Ainsi, de quelque manière qu’on l’envisage, Port-Royal nous apparaît comme l’œuvre par excellence de M. Sainte-Beuve, et plus on l’étudié, plus on découvre de rapports entré le sujet et le talent de l’auteur. Toutefois on se demandera si l’harmonie est parfaite, et s’il n’y a pas discordance au moins sur un point ? Victor Hugo, qui a rarement parlé de Port-Royal, dut en dire quelques mots en recevant à l’Académie M. Sainte-Beuve ; il y mit de l’éclat, des couleurs voyantes, et M. Sainte-Beuve l’en blâme avec justice : on entre plus discrètement dans cette maison d’humilité. N’y aurait-il pas une discordance du même genre, moins sensible dans le ton, non moins réelle au fond, entre les dispositions des solitaires et celles de leur biographe ? Il se pourrait même qu’il y en eût plus d’une, car voici trente ans révolus que M. Sainte-Beuve faisait son cours à Lausanne, et il a eu dès lors le temps de changer.

N’ayant pas entendu le cours de M. Sainte-Beuve, je n’en puis parler que par ouï-dire. La plupart de ses auditeurs n’eurent pas le sentiment d’une discordance. Ils comprirent bien que M. Sainte-Beuve ne se livrait pas entièrement ; mais du moins il ne franchissait le seuil de l’enceinte vénérée que le front découvert, et chacun de ses discours respirait la sympathie et le respect. Toutefois il y eut aussi des dissidents. Si quelques auditeurs bénévoles le crurent en bon chemin de conversion, d’autres ne virent qu’un piège dans cette façon toute littéraire de traiter des matières théologiques.

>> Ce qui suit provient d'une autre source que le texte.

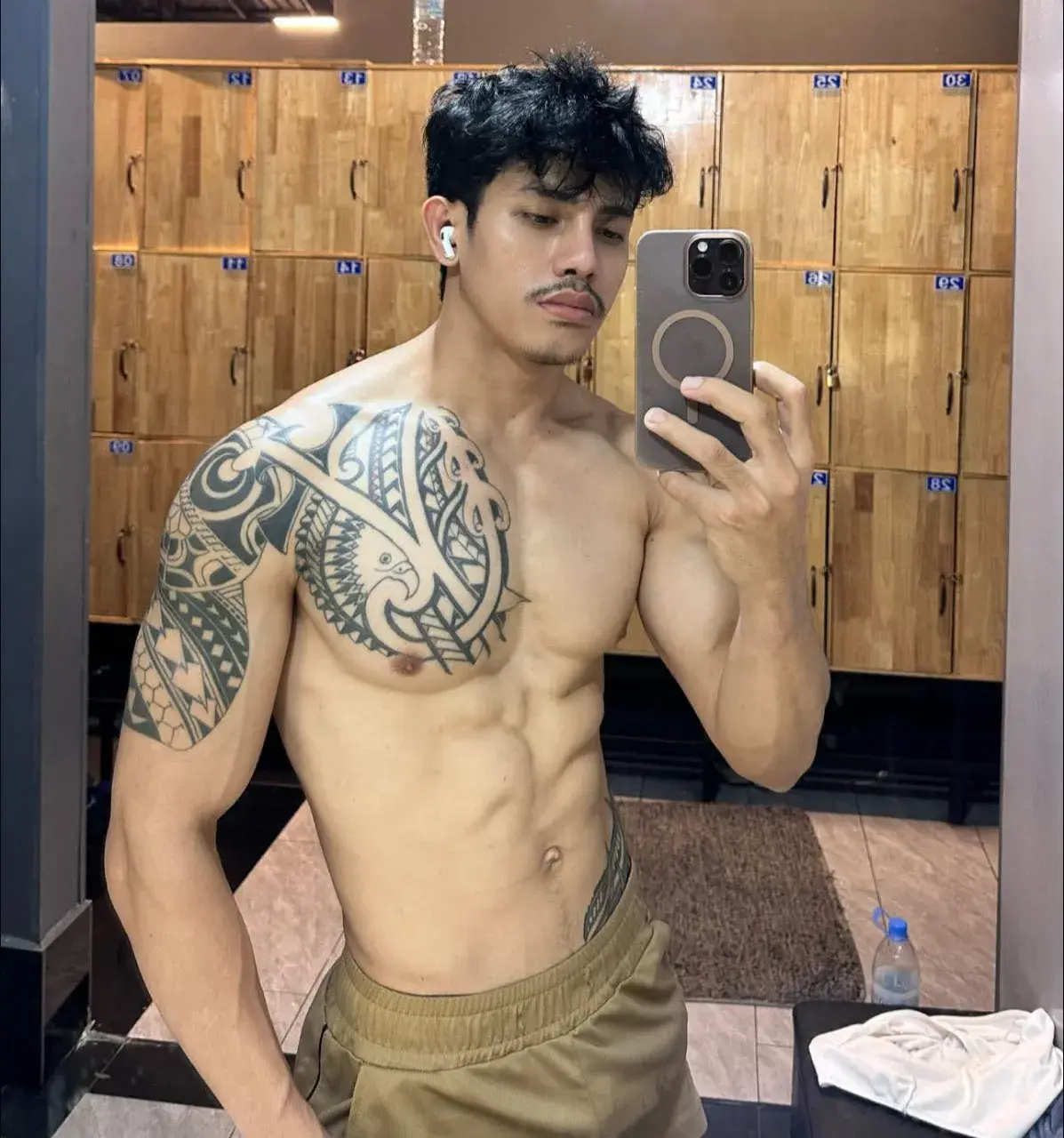 นายเเบบหนุ่มเขมร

Il ne reste du cours fait à Lausanne que le seul Discours préliminaire, et il me paraît donner tort à ceux qui tenaient déjà M. Sainte-Beuve pour un converti. La dernière page, entre autres, un paysage finement et curieusement décrit, n’eût pas été dans le goût des solitaires. On y sent la gentillesse de l’esprit, et le contraste est frappant entre le sérieux du sujet, déjà entrevu, et cette jolie conclusion qui assimile Port-Royal à un de ces reflets d’automne qui, sous un ciel brumeux, font miroiter les eaux du Léman. La lumière est ménagée sans doute ; mais ces miroitements et ces chatoiements sont-ils mieux à leur place que l’éclat de Victor Hugo ? En relisant ce discours et en y rattachant tout ce que j’ai ouï dire des leçons de M. Sainte-Beuve, je me figure que c’est dans les notes qu’il faut chercher la principale différence entre le ton de l’ouvrage en voie de publication (tome premier) et celui du cours de Lausanne ; or ces notes sont de nature à dissiper toute illusion, et elles ont évidemment été calculées dans ce but. « Je ne suis en Port-Royal qu’un amateur, scrupuleux il est vrai, mais qui se borne à commenter moralement et à reproduire. »[3] Et quatre pages plus loin, à propos de la démangeaison qu’a tout le monde de savoir beaucoup et de belles choses, démangeaison qui est, selon M. de Saint-Cyran, la plus grande tentation qui nous reste du péché d’Adam : « Et c’est cette démangeaison même qui nous pousse, vous peut-être qui lisez et moi qui écris, à savoir si à fond Saint-Cyran sans l’imiter. »[4] Tant de précautions étaient peut-être inutiles, car l’esprit qui les a dictées ne diffère pas de celui qu’on sent ailleurs dans le corps de l’ouvrage. Il y a du dilettante chez M. Sainte-Beuve, c’est un amateur, et il laisse l’impression d’un esprit délié qui se pique de pénétrer tous les mystères de la piété. Il est peintre, et il a pour lui l’agrément ; mais les solitaires ont l’avantage de la dignité.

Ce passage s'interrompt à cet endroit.